▸ **Input material**:
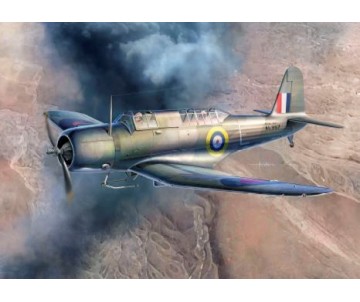 Academy 1/48 V-156-B1 Chesapeake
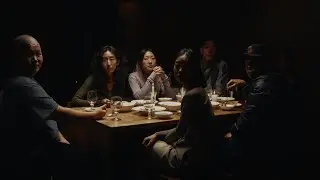 The Dinner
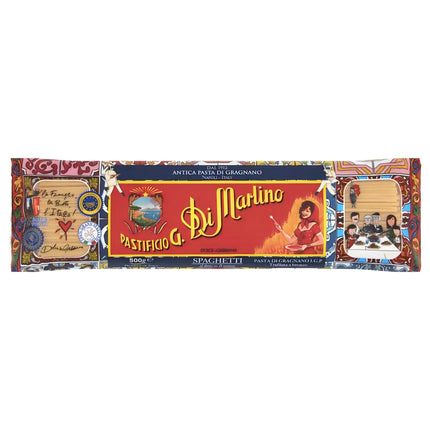 Di Martino Dolce & Gabbana Spaghetti 500G ( BB 11/11/2027 )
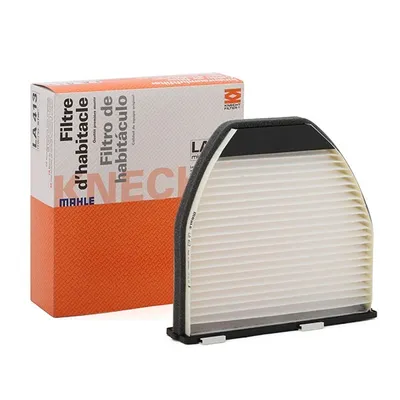 Obrázek produktu pro La413 Kabinový Vzduchový Filtr Pro Mb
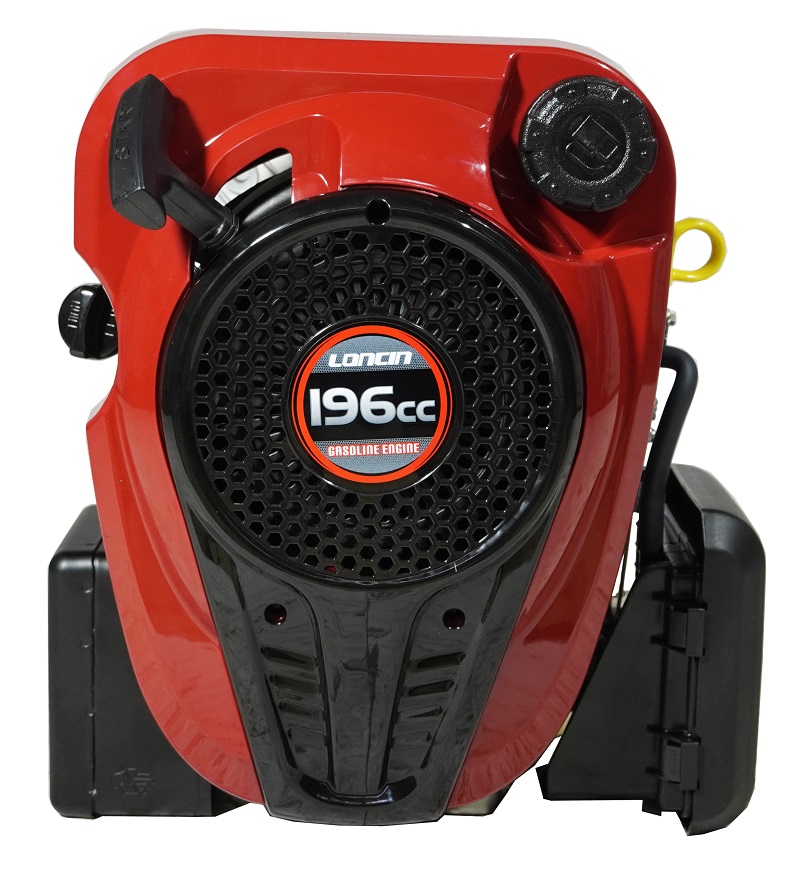 Двигатель Loncin LC1P70FC (H type) D22.2 
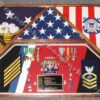 3 Flag Shadow Box - Image 26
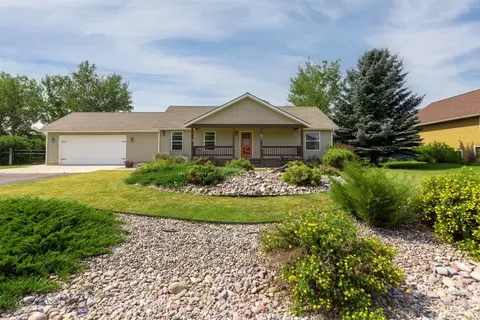 82 Lamplight Ln, Bozeman, MT 59718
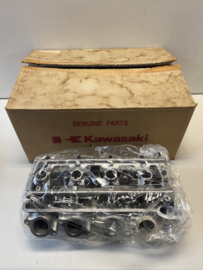 ZX750-P1 T/M P8, 1996 T/M 2003 Head - Comp - Cylinder nos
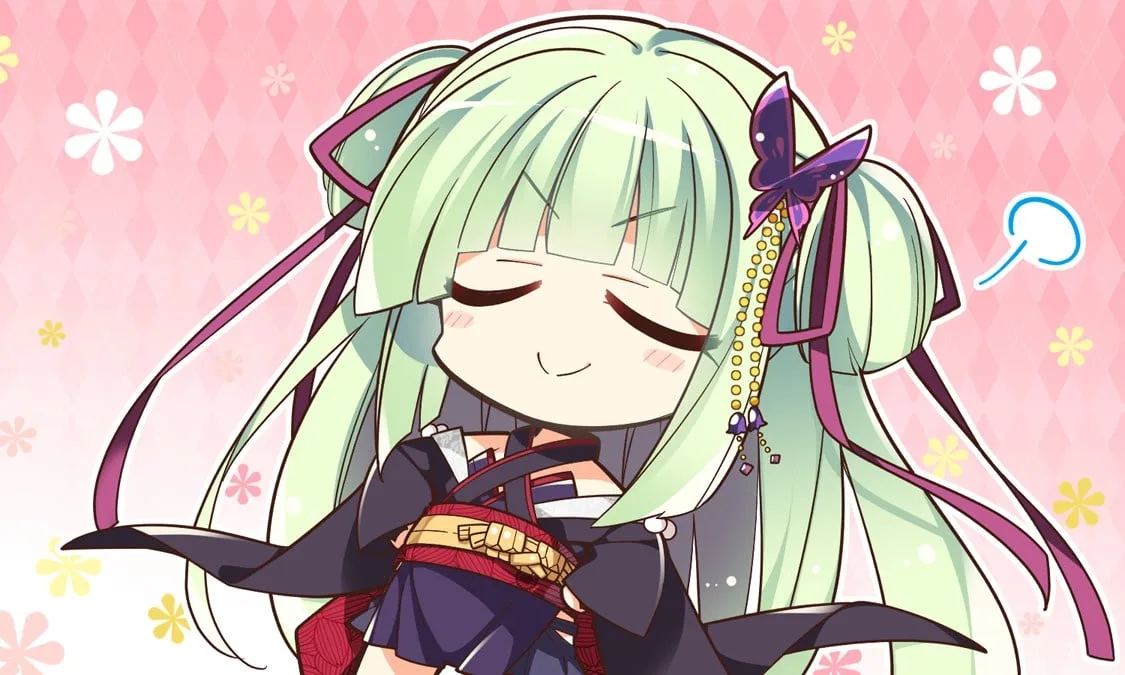 Senren＊Banka — 10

▸ **Exercise objective**: Leaving out all pictures, transcribe the listing exactly.

▸ **Response area**:
 Academy 1/48 V-156-B1 Chesapeake
 The Dinner
 Di Martino Dolce & Gabbana Spaghetti 500G ( BB 11/11/2027 )
 Obrázek produktu pro La413 Kabinový Vzduchový Filtr Pro Mb
 Двигатель Loncin LC1P70FC (H type) D22.2 
 3 Flag Shadow Box - Image 26
 82 Lamplight Ln, Bozeman, MT 59718
 ZX750-P1 T/M P8, 1996 T/M 2003 Head - Comp - Cylinder nos
 Senren＊Banka — 10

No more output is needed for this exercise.